One of the joys of the way we work here is that our releases are largely chosen by each restoration engineer, based on whatever merits he thinks the recording or performance can bring. Mark Obert-Thorn, who takes centre-stage this week, has an extensive collection of discs at his disposal, many of which might be considered too obscure for many record labels, reliant on significant CD sales to recoup their investments. Thus Mark's choice this week -  Leo Blech's excellent Tchaikovsky - is a set which we believe has never seen any reissue, neither LP nor CD. Yet these forgotten masterpieces contain some of the greatest Tchaikovsky recordings you'll ever hear.

Likewise his Alfred Hertz series, volume two of which is now imminent, has been a real wake-up call for so many who simply did not know the recordings of this superb conductor - as Robert Matthew-Walker writes in the current issue of International Record Review: "...I was astonished. I cannot, having thought about it for some time, recall a greater performance, on or off a record...".
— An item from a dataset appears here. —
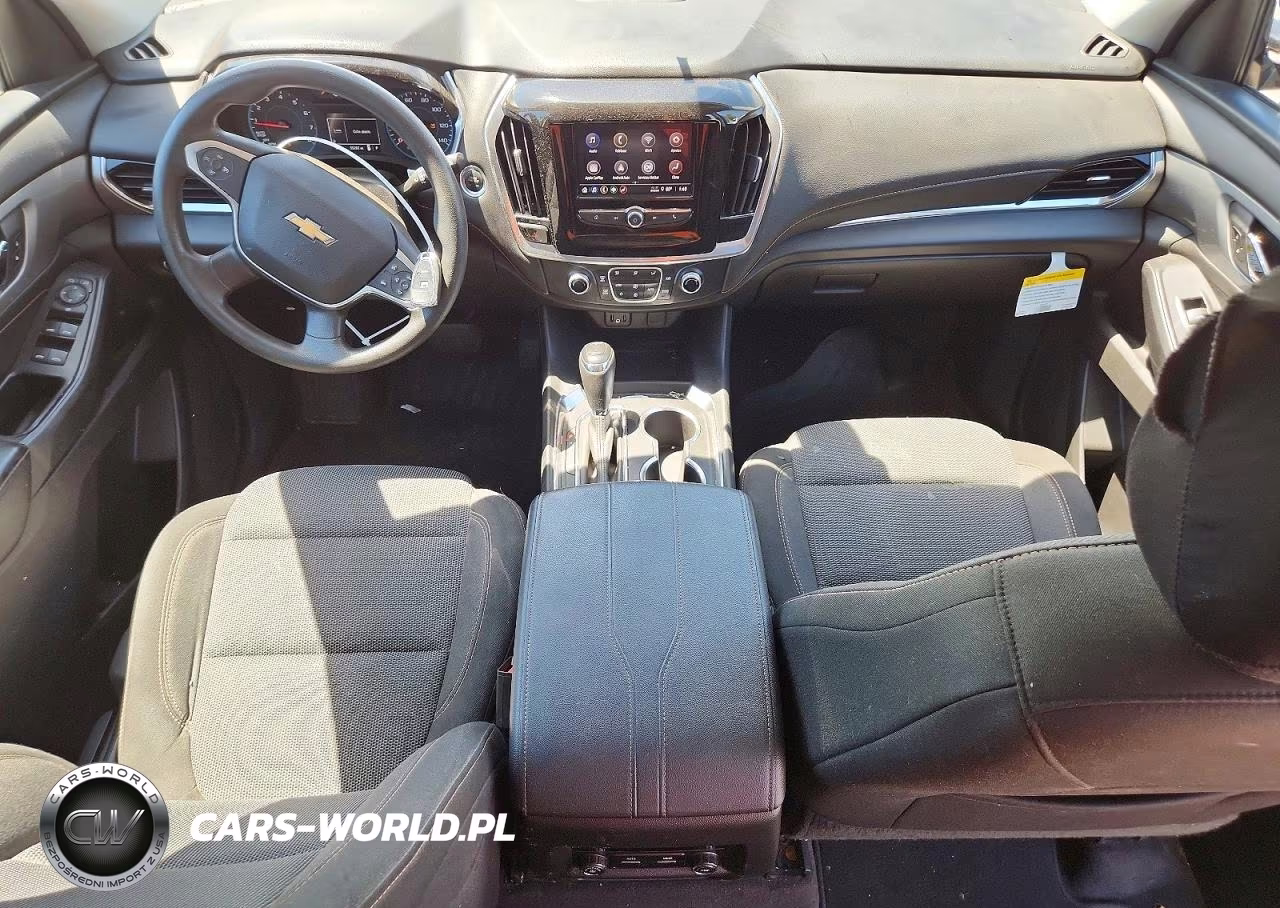 2020 Chevrolet Traverse Ls VIN:1GNEVFKWXLJ216004 - 8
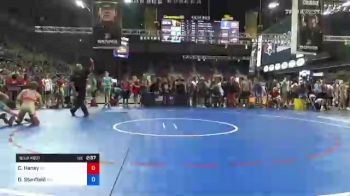 126 lbs Round Of 64 - Corey Haney, Ohio vs Drew Stanfield, Missouri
We may think we know the great conductors and musicians of the first half of the Twentieth Century well, through endless reissues and long-standing reputation, but these two releases alone suggest there remains far more to be discovered, especially where an online company such as Pristine Audio is able to take chances on largely unknown or forgotten material. It's wonderful to have someone of Mark's deep knowledge and expertise on board to help track down these fabulous recordings.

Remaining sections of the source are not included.